Martijn Hagens bepleit in proefschrift ontwikkeling van toetsbare vorm

Anders kijken naar   hulp bij zelfdoding 

Gespannen voet

Hagens realiseert zich dat zelfbeschikking en toetsbaarheid voor sommige mensen op gespannen voet staan met elkaar. ‘Het individuele en het maatschappelijke belang komen niet altijd overeen. Maar vanuit maatschappelijk perspectief gezien is het goed dat er controle op hulpverleners is. Het zelfbeschikkingsrecht wordt vaak vanuit het individuele perspectief benaderd. Terwijl onze keuzes ook consequenties hebben voor de levens van mensen met wie we verbonden zijn.
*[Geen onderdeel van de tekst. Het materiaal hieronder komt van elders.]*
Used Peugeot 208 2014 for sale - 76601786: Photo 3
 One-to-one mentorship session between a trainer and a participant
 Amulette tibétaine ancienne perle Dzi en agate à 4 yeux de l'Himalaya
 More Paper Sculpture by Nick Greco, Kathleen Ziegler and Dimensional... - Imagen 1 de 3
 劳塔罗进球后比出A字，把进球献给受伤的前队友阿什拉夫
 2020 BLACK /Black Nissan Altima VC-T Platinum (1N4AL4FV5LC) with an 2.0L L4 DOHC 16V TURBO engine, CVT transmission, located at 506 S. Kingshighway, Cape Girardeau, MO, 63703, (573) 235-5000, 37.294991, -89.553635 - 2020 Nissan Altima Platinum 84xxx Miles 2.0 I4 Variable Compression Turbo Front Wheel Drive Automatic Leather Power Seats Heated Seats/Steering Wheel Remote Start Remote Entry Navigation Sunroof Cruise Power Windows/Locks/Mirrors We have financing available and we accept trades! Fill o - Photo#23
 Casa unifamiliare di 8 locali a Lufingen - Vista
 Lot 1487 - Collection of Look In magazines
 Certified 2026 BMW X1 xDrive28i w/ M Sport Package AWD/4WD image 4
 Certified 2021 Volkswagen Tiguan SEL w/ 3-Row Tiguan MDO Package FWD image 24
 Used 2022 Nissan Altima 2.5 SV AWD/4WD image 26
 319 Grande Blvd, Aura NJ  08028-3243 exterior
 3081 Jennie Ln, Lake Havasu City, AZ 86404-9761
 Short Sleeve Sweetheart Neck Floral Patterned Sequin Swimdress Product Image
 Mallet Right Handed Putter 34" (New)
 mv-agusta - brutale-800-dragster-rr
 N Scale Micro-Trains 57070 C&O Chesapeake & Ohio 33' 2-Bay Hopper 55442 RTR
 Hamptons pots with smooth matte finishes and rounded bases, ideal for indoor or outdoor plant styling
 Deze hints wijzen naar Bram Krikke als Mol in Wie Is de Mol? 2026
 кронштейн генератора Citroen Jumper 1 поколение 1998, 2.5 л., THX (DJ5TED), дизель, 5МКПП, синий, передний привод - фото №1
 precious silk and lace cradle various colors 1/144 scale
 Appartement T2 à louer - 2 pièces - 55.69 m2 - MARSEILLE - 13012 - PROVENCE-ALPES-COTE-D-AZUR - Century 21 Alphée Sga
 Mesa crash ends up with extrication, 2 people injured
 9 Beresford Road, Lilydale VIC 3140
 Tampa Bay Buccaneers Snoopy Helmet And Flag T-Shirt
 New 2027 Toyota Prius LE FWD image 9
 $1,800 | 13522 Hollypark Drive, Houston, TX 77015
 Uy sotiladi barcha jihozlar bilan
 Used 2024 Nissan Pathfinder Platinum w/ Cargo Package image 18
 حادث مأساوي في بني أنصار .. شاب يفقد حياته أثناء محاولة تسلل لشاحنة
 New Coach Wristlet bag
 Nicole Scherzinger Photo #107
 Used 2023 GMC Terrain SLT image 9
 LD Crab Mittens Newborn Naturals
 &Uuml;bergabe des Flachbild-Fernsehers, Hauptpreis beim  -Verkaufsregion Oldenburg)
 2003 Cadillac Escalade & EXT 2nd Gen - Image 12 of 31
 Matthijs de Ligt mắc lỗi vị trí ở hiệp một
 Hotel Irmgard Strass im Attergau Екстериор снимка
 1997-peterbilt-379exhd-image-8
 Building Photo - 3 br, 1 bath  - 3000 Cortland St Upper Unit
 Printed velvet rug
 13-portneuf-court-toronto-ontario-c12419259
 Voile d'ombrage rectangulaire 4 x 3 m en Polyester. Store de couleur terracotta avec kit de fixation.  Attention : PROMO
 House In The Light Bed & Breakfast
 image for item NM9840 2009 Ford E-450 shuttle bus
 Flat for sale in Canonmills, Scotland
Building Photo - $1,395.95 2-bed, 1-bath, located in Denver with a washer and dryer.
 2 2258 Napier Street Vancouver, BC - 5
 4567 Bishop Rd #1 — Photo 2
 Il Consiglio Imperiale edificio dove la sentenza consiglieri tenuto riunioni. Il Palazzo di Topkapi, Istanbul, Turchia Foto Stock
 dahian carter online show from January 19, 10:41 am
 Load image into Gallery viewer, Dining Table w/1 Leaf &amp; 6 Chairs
Dit zijn twee kanten van dezelfde medaille, daar mag meer aandacht voor zijn.’ •

Verbinding

Hagens zou graag meer verbinding en samenwerking willen zien tussen organisaties die zich bezighouden met het levenseinde, zoals 113Zelfmoordpreventie, de KNMG, het Openbaar Ministerie en recht-op-waardig-sterven verenigingen, zoals Stichting de Einder, de NVVE en Stichting Levenseinde Counseling (SLC). ‘Het zou mooi zijn als zij vanuit één filosofie hulp verlenen en er meer continuïteit in zorg of begeleiding zit tussen de verschillende organisaties. Verwijst een organisatie als 113Zelfmoordpreventie mensen bijvoorbeeld door naar Stichting de Einder of de NVVE als uit het gesprek blijkt dat de situatie uitzichtloos is? Bij Stichting de Einder komen in ieder geval weinig zorgvragers die doorverwezen zijn door 113Zelfmoordpreventie. Zij vinden de organisatie meestal op eigen houtje.’  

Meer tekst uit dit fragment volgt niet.